**To do**
Please, without any pictures, transcribe the lines from the one holding "Фото 2 - FORD EXPLORER" to the end of the listing, both ends included.

**Input data**
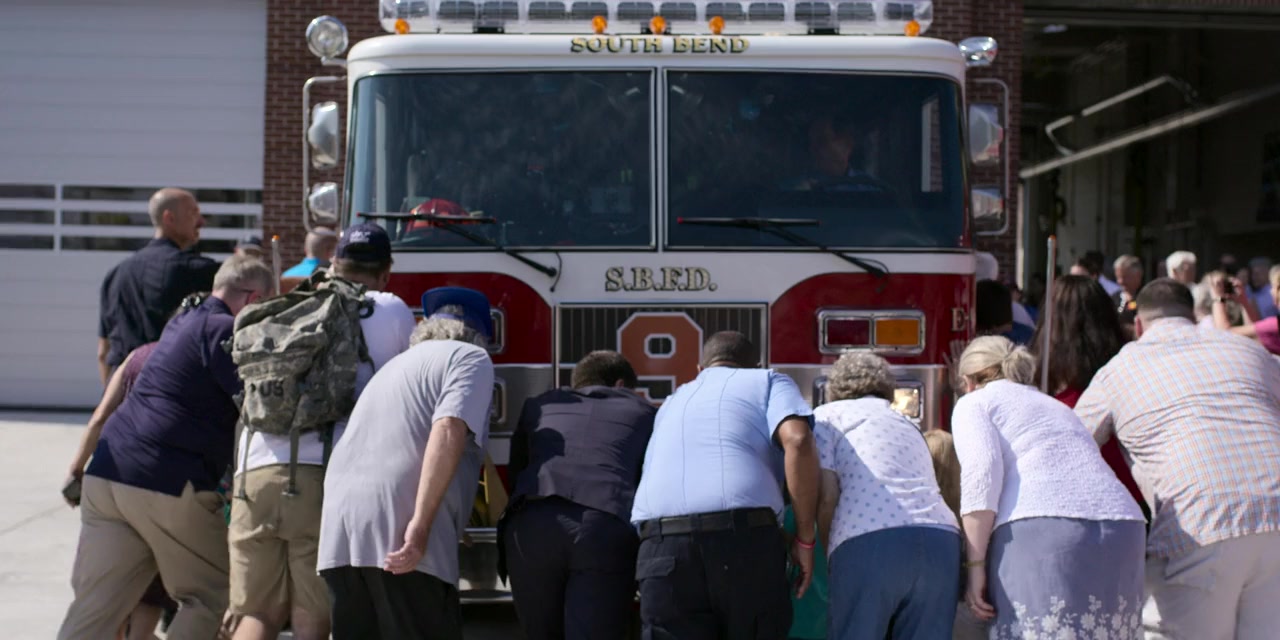 Mayor Pete screenshot 3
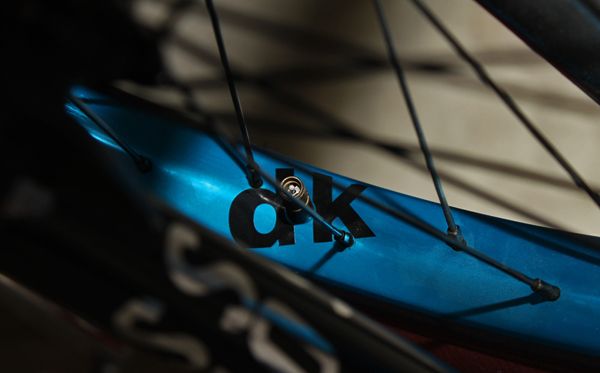 DK Bicycles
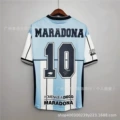 2001 argentina commemorative edition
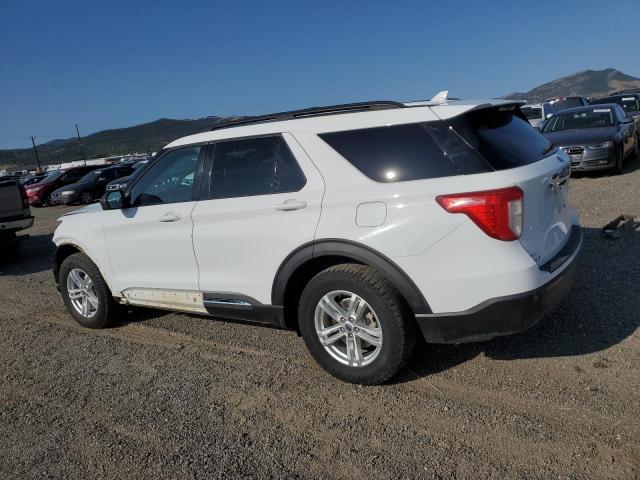 Фото 2 - FORD EXPLORER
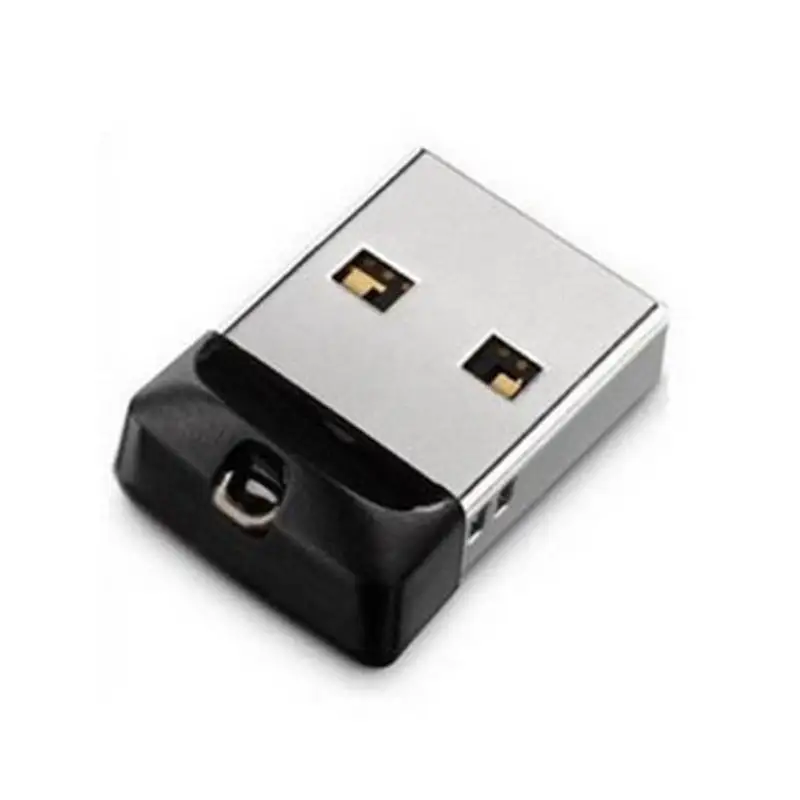 Мини Usb 2 0 флэш-диск 128 Гб черный пластиковый usb-накопитель 8 ГБ 16 32 64 usb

**Result**
 Фото 2 - FORD EXPLORER
 Мини Usb 2 0 флэш-диск 128 Гб черный пластиковый usb-накопитель 8 ГБ 16 32 64 usb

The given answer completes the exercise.